START Data to process
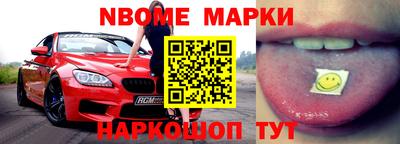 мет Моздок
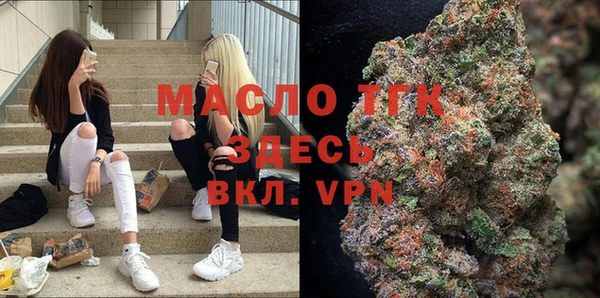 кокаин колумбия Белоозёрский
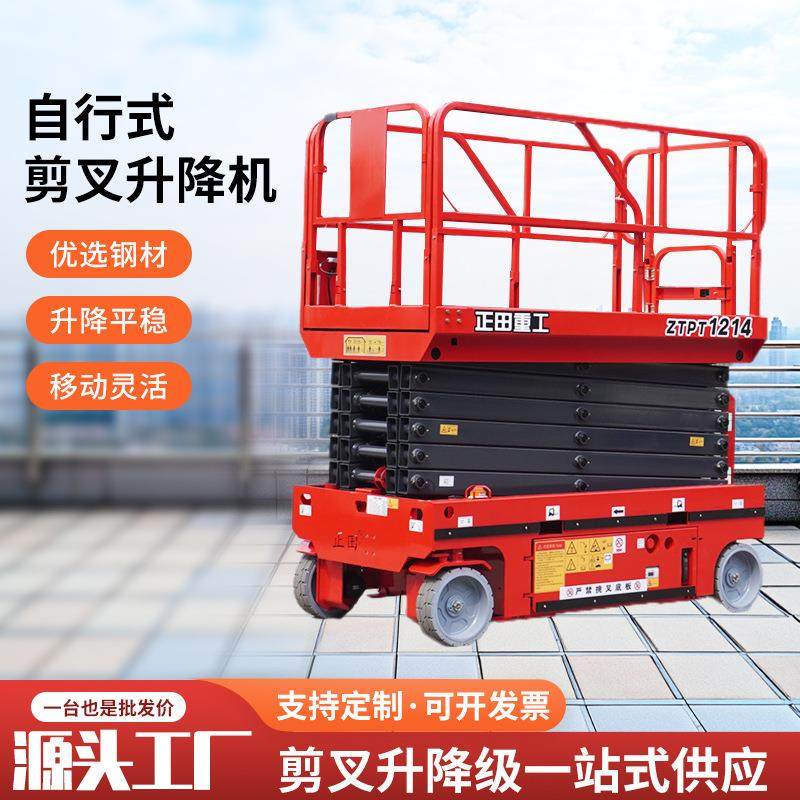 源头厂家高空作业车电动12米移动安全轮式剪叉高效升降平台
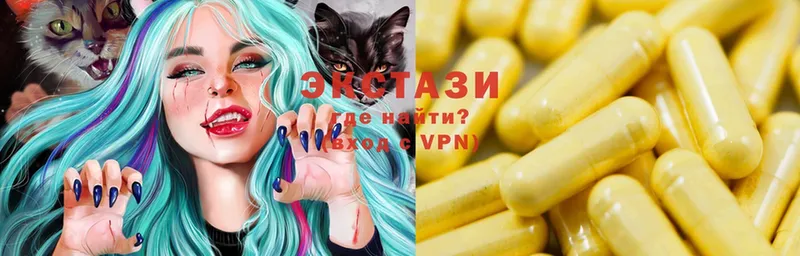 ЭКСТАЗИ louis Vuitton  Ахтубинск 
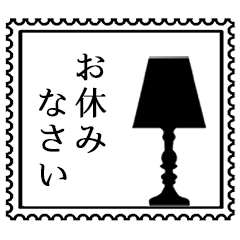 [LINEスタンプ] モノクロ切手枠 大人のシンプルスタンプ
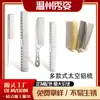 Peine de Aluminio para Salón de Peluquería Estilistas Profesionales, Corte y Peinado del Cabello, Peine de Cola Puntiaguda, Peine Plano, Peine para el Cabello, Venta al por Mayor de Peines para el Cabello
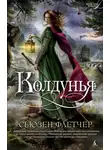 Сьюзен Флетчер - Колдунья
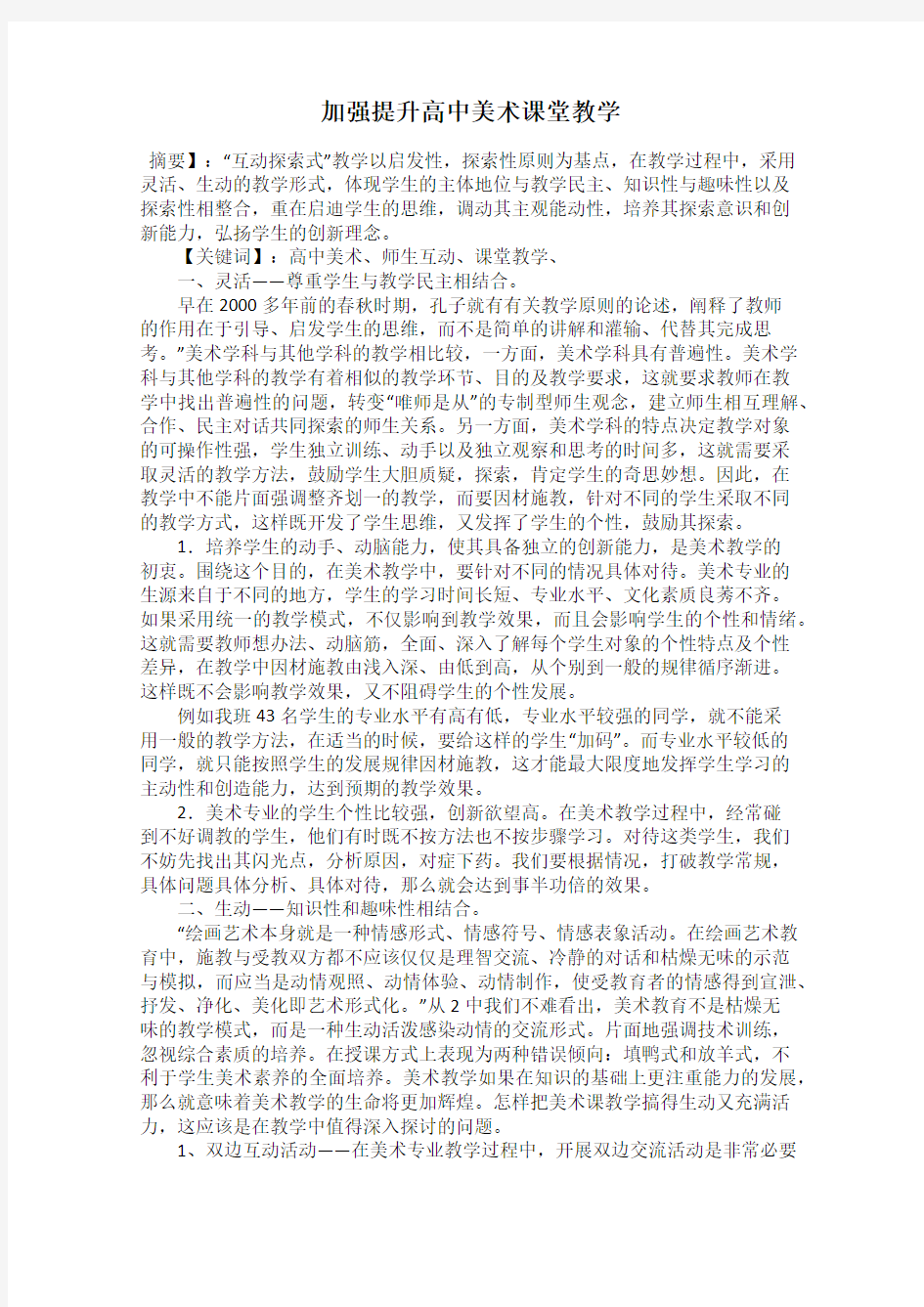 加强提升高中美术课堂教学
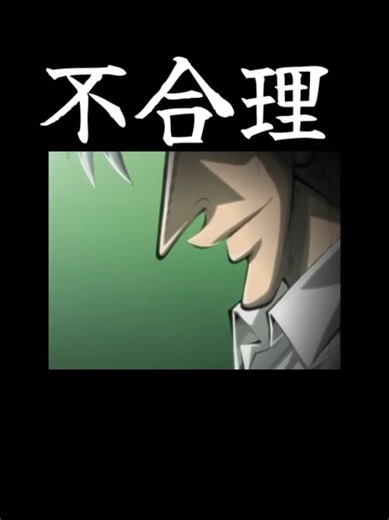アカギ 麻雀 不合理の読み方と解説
END Data to process
**Work request:** Would you write out all of the records exactly, omitting the pictures?

**Written response:**
 мет Моздок
 кокаин колумбия Белоозёрский
 源头厂家高空作业车电动12米移动安全轮式剪叉高效升降平台
 ЭКСТАЗИ louis Vuitton  Ахтубинск 
 [LINEスタンプ] モノクロ切手枠 大人のシンプルスタンプ
 Peine de Aluminio para Salón de Peluquería Estilistas Profesionales, Corte y Peinado del Cabello, Peine de Cola Puntiaguda, Peine Plano, Peine para el Cabello, Venta al por Mayor de Peines para el Cabello
 Сьюзен Флетчер - Колдунья
 加强提升高中美术课堂教学
アカギ 麻雀 不合理の読み方と解説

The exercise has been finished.